Why You Need Core Strength

Why You Need Core StrengthCore Strength.  It is one of the basic fundamentals of all human activity.  It helps in all forms of everyday life including walking, bending, and lifting.  It affects posture, it affects both upper and lower body strength.  It is important and imperative, yet it is lacking in so many people.[1]

The core itself makes up the entire trunk of the body.  Many are under the impression that ‘core’ is interchangeable with abdominals.  In reality the core includes the abdominal muscles in the front, oblique muscles along the sides, and muscles in the low back.  That knowledge of what exactly makes up the core can shed some light onto its importance for posture and stability.

The big thing is how to tell that you have a weak core.  There are several important warning signs.  They include: low back pain, poor posture, poor balance, issues with standing for long periods of time, overall body weakness, and more.  The good thing is that there are many simple yet effective ways to strengthen your core.  Many of these don’t even need any sort of equipment!

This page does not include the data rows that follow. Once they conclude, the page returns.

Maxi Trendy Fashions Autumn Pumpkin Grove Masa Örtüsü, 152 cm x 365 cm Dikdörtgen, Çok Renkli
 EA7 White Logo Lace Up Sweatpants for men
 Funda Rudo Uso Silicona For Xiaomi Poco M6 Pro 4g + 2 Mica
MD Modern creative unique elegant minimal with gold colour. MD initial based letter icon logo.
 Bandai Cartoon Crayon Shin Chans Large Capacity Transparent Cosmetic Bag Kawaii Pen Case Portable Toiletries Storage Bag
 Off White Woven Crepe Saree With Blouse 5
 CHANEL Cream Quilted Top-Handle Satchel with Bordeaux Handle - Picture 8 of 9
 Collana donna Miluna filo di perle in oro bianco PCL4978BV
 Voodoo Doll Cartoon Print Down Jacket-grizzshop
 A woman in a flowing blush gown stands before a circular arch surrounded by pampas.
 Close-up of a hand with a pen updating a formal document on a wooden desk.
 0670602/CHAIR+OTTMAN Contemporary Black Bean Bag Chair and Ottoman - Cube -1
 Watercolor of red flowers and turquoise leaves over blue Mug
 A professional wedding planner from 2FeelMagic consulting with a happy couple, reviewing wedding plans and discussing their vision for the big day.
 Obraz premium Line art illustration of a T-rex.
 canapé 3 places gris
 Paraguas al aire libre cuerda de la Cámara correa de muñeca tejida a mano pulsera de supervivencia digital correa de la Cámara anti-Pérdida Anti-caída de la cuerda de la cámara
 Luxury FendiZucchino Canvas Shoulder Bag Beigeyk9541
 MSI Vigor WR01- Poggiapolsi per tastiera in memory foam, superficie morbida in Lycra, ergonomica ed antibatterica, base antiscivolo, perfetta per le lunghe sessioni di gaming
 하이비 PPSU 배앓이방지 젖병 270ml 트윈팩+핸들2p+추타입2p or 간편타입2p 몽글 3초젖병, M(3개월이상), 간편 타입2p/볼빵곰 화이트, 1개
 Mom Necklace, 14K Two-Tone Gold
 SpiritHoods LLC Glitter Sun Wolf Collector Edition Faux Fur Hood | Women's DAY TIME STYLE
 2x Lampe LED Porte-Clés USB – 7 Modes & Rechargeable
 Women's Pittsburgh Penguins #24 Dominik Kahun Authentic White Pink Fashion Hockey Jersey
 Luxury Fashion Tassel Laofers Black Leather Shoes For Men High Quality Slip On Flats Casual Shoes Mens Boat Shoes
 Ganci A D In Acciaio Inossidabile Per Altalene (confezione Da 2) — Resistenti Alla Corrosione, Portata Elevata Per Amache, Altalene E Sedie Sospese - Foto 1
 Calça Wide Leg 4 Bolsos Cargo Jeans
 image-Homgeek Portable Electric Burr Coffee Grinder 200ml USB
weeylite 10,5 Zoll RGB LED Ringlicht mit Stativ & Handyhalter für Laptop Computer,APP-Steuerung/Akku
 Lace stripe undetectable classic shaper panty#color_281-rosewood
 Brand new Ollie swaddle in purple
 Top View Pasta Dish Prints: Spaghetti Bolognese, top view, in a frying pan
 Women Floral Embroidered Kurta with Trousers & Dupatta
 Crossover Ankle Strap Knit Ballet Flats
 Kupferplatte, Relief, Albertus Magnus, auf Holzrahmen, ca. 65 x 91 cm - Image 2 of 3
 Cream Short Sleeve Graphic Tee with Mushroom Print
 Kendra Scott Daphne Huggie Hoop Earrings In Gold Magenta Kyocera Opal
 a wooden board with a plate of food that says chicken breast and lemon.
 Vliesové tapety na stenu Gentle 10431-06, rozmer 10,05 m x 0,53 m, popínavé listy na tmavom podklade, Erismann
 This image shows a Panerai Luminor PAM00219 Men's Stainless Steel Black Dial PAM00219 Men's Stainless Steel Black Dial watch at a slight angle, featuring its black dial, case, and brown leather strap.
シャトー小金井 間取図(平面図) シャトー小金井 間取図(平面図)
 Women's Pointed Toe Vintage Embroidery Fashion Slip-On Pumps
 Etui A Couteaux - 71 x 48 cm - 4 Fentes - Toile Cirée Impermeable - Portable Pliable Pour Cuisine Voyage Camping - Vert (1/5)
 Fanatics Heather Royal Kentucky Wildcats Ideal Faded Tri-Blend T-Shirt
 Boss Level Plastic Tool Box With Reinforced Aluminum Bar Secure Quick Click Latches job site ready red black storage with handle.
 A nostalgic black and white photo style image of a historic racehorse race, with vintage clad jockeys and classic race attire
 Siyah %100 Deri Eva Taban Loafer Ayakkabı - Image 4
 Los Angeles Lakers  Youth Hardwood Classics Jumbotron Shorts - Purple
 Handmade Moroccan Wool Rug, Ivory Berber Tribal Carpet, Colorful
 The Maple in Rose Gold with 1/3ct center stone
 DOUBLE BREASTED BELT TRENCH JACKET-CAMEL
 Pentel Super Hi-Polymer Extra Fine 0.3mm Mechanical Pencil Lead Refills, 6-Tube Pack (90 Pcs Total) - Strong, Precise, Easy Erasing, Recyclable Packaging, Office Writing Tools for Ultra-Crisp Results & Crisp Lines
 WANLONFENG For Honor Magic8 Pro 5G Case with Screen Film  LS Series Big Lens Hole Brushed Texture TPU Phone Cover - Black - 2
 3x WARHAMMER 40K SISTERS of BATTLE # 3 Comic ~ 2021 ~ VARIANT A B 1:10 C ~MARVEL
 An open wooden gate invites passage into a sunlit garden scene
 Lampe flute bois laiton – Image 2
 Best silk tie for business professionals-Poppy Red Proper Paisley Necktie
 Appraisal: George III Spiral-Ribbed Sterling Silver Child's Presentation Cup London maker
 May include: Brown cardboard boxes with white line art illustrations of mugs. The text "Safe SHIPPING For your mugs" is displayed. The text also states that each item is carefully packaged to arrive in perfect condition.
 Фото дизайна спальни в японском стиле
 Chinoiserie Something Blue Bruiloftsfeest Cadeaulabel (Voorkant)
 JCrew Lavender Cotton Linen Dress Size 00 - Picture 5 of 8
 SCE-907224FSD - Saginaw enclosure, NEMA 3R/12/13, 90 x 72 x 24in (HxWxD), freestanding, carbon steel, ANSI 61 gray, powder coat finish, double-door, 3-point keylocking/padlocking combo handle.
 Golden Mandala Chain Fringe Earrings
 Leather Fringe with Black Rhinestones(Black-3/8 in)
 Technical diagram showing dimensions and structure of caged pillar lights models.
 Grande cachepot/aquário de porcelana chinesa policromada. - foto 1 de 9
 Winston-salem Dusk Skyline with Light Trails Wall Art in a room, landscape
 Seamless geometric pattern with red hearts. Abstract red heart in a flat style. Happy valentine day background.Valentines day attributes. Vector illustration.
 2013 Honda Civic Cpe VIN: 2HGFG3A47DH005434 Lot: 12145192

Movements such as planks, anti-rotational presses, low back stretches, and even deep breathing can work to improve core strength.  Stay tuned for a future blog post that will explain several specific exercises to strengthen the core.  Right now though it’s all about why you need core strength, what makes up the core, and what you can expect to feel when you develop that newfound core strength.

Core strengthening can help improve posture.  It can relieve low back pain.  It can improve overall muscle endurance.  It can make bending and lifting in everyday life activities easier.  Core strengthening does not mean countless crunches.  It is more in the way of isometric movements, this means holding a particular muscle under tension without movement ie: planks.

If you have any questions about core strength please send us an email, give us a call, or drop by. We’d love to help in any way we can!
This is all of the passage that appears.